Semantic code is a term that is thrown around a lot at the moment, but what is it and why should you care? I try to explain to Marcus in very small words what it’s all about!

Check out our article on this subject

Main feature: Scoping your web project

Carefully planning your website before you start to build might not sound like the most exciting theme for a podcast but it is fundamental to a successful website project. I know from bitter experience that not doing so can lead to a world of pain for both the developer and the client. In this weeks show we share loads of tips that we have learnt over the years. Here are just a few of them:

Take the long view

Many clients force agencies to start projects before they are fully prepared, either because they are unwilling to pay for a scoping phase or because they have a tight deadline to meet. This kind of short-term view does nobody any favours. If a project is not properly defined at the outset, it will inevitably lead to slippages and additional expense. A developer needs time to understand the requirements before they begin to build. If they don’t, they will be unprepared when they encounter unforeseen technical issues.

Everybody has to sign off

Having a statement of work that everybody has signed off on is a great way to ensure client, developer and designer are all singing off of the same hymn sheet. It avoids miscommunication and misunderstanding by clearly defining what is going to be delivered.

Do you really need that?

The scoping phase should not only identify what tasks need to be done, it should also take a long hard look at what functionality is being considered. If you are not careful, your statement of work can turn into a wish list of functionality rather than a considered document which factors in return on investment. Ask yourself, if I spend all of this time building a certain piece of functionality, will it pay dividends for my organisation.

Be specific

It is easy to be vague about your scope, but if you do, there is room for confusion. The statement of work should cover everything from how many design iterations there should be, to what browsers the site is going to be tested on. Make sure your list of tasks is as detailed as possible, that way you will avoid any nasty surprises half way through the project.

Phased development

Don’t be afraid to phase a project especially when faced with a tight deadline. If your website has to be live by a certain date, it might be wise to leave out some of the "bells and whistles" until post launch. It is easy to forget that your website should be an evolving animal that can grow over time. After all, saving some of the functionality and rolling it out later gives you a good PR opportunity.

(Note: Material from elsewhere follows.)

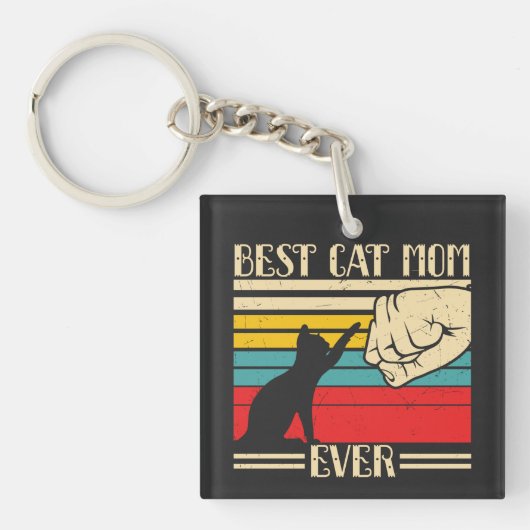 Best Cat Mam Ever Sleutelhanger (Voorkant)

The hidden technology killers

Beware of those little technology issues that are so easy to overlook. For example, pay particular attention to which browsers you are going to support and what accessibility level you will be conforming to. Finally don’t forget to factor in time to deal with those extra style sheets for print, mobile or low vision users.

Web resources: Getting your layout right

This week I picked two sites that help designers develop the perfect layout.

Web Design Practices
A great site that shows you the trends in layout based on an analysis of several hundred websites. This site answers invaluable questions such as; "where does the search box normally appear" and "do most sites use side or top navigation?"

Although slightly out of date and centred largely on ecommerce sites, this is still an excellent resource. However, remember, just because a lot of sites do something a certain way doesn’t make it good practice!

Layout cookbooks
Have you ever had a client who knows what they like when they see it? If so, send them over to the layout cookbook and get them to look through the hundreds of different screen layouts available there. It’s also a great place to get some inspiration when you feel like all your designs are using the same basic layout!